Paints & Coatings Resource Center

Ask the Expert Question-and-Answer Archive

by Ron Joseph

April, 2004

Paints and hospital operating rooms and FDA approvals

Q. Could you give me some essential information about the FDA regulations concerning paints for operating rooms in hospitals?

Sincerely, Avi Moscovich

A. The requirements for painting the walls of a hospital operating room are that the coating must be either a semi gloss or full gloss coating that will withstand continuous cleaning and washing with water solutions that contain strong disinfectants without damaging the painted surface. Typically, epoxy and polyurethane coatings are used because they do withstand washing with hot water or water containing detergents. Conventional alkyd enamels might also do the trick, but they are not as durable as epoxy or polyurethanes. You will also want to insure that the coating you specify is non-yellowing. Although the yellowing doesn't affect its ability to be cleaned, you will probably want the coating to retain its whiteness for a long time.

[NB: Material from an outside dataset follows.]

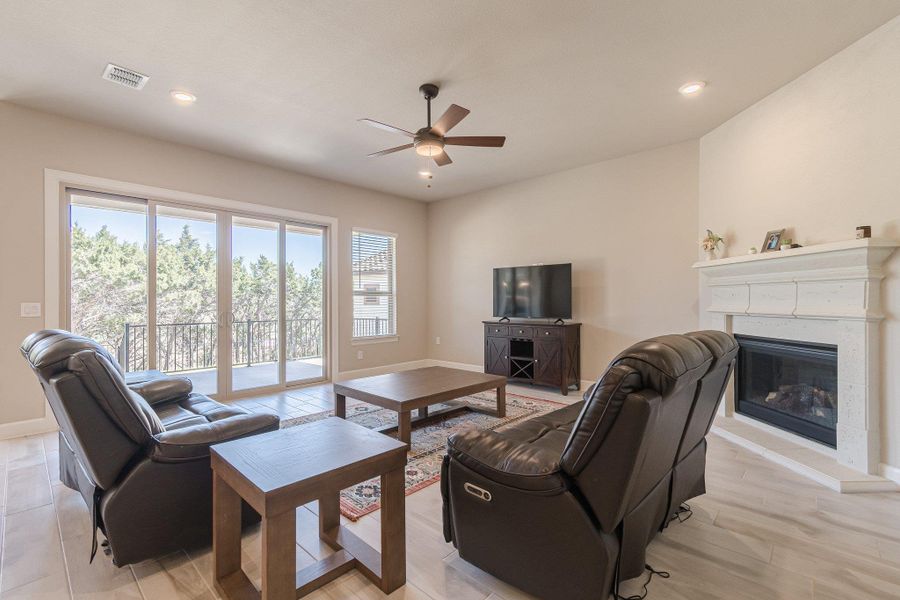 Living room with recessed lighting, visible vents, a high end fireplace, ceiling fan, and baseboards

Flat wall paints may retain soils and dirt on the surface and are not recommended for the coating of choice. Also, there may be local requirements to consider. You will probably not find these coatings in a hardware store, but a national brand paint store, such as Sherwin-Williams, PPG, DuPont, etc., may be a good source for specialized information on the subject.

I am not aware that FDA has regulations on these coatings, but I do not wish to imply that such regulations do not exist.